I assure you that description does not do it justice.

This post is just based on one very small bit, though, where in asking about someone's parents, the answer is given "They're slowing down."

I have said that so many times, and I have heard it from others. I had just said it recently, so it stuck out more.

It's an accurate response, but realizing how common it is highlights how non-specific it is.

There are reasons we do that, and I think I want to get into that more next week.

This week, I want to answer the question.

Yes, she is slowing down. As she was starting to fall more, she has been spending more time in a wheelchair. She has always had a tendency toward swelling in her ankles, so they switched to a Geri Chair, which allows for some foot elevation and reclining.

It has definitely helped. There have been no falls and the swelling went down. 

It may also make it easier for her to doze off, but that wasn't hard before.

Recently we had been in a pattern for our visits. I would arrive and she would be dozing, but I would take her hand and she would wake up and start chatting. Although she is kind of past where her speech is coherent, there would be times when I could tell she was joking, or at least being kind of funny. Then she would get a little tearful, cheer up again, and doze off. 

The entire sequence would take about fifteen minutes. 

That had been the phase. We have been through other ones. There were times when she would talk for much longer, and it was speech I could follow, even though she was referring to events that never happened, or talking about recently being with people who were long dead, or naming children who never existed.

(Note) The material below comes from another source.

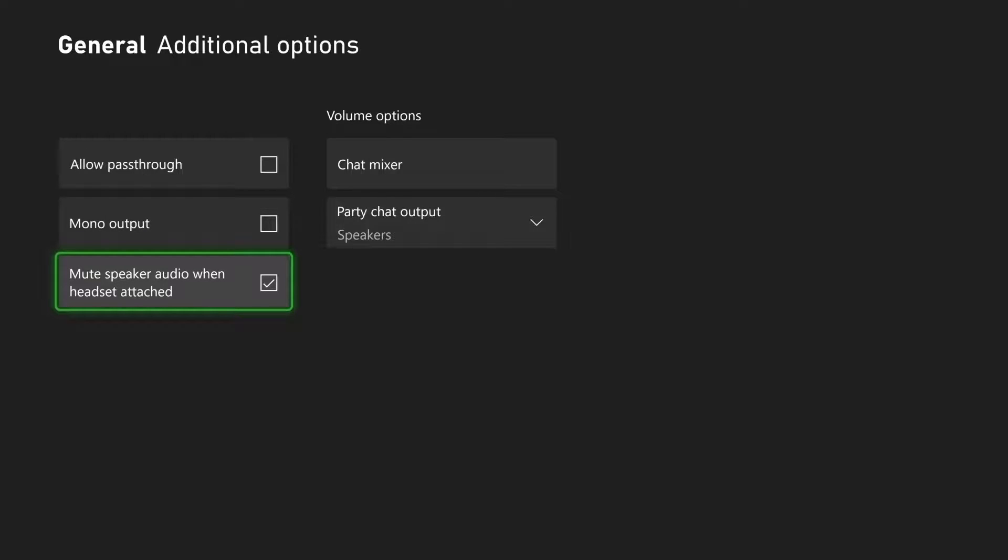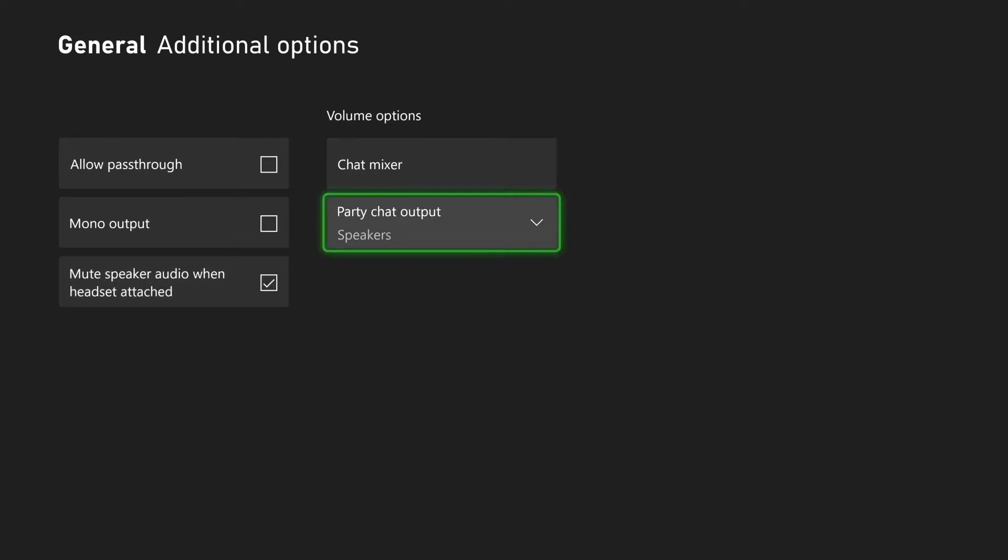However, if you don't want to go through the process of muting the TV or you have the headset connected, just turn on the setting and change the Party Chat Output and you're good to go.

In the recent phase, it is not just that her words don't really make sense, but also that I can tell she is not really processing the things she hears and sees well. I say something, and she will look puzzled, then find something to say, but it doesn't relate.

This has alleviated fears I had that she would switch back to Italian and no one would be able to understand her; communication is not about words now.

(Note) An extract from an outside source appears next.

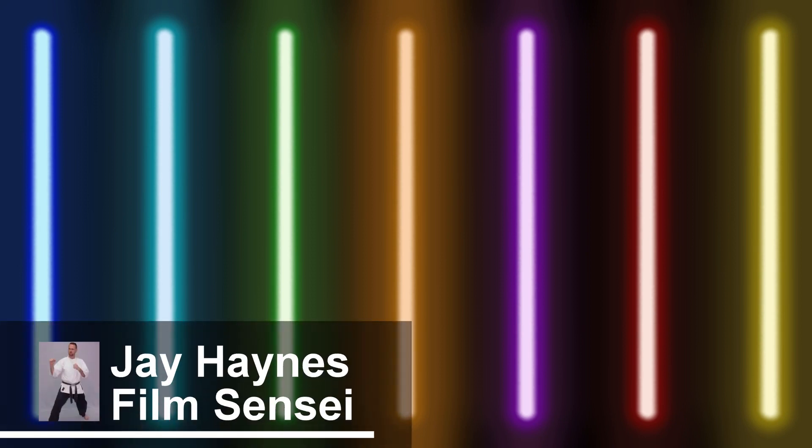Jay Haynes for the Film Sensei YouTube channel. Today in this video I'm giving away seven free lightsaber presets for HitFilm Express.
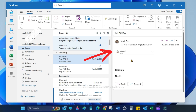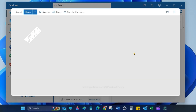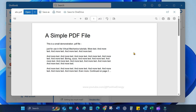In new Outlook for Windows, single click the PDF attachment. It opens in the Outlook preview. In the preview window, click the Open button.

She does hold my hand very firmly, so I feel like that's the most important thing I do now.

Well, there is value in getting a visual and staying on top of things... that would be important even if she were completely unresponsive. In terms of what she notices, though, I think the hand holding is now the most important thing. That is a change, but dementia is a process of constant adjustment.

So, here's the thing: on my last visit she barely woke up. 

She opened her eyes a few times,  and said a few words, but it was another downgrade.

My overall feeling is that she is sinking further away from the surface. Getting to her is harder. 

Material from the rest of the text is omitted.